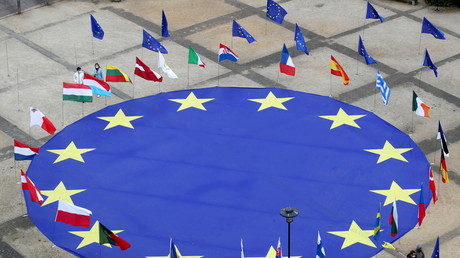Un drapeau de l'Union européenne au centre de la place Schuman, devant le siège de la Commission européenne à Bruxelles, en Belgique, le 8 mai 2021 (illustration).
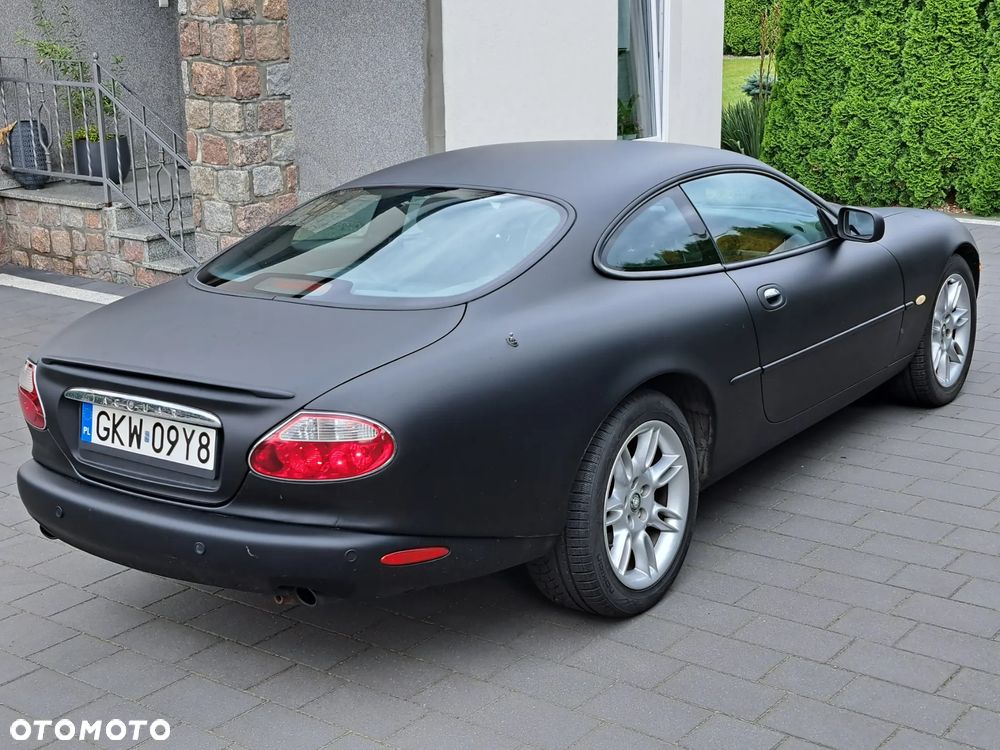 Jaguar XK8 - 6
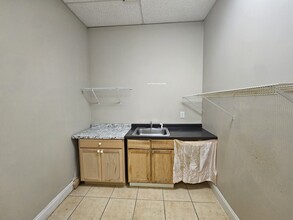 4060 Buford Dr, Buford, GA for rent Interior Photo- Image 1 of 9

▶ Work to complete: Before you finish, make sure every line above has been repeated exactly and no picture remains in the copy.

▶ Answer to the problem:
Un drapeau de l'Union européenne au centre de la place Schuman, devant le siège de la Commission européenne à Bruxelles, en Belgique, le 8 mai 2021 (illustration).
 Jaguar XK8 - 6
 4060 Buford Dr, Buford, GA for rent Interior Photo- Image 1 of 9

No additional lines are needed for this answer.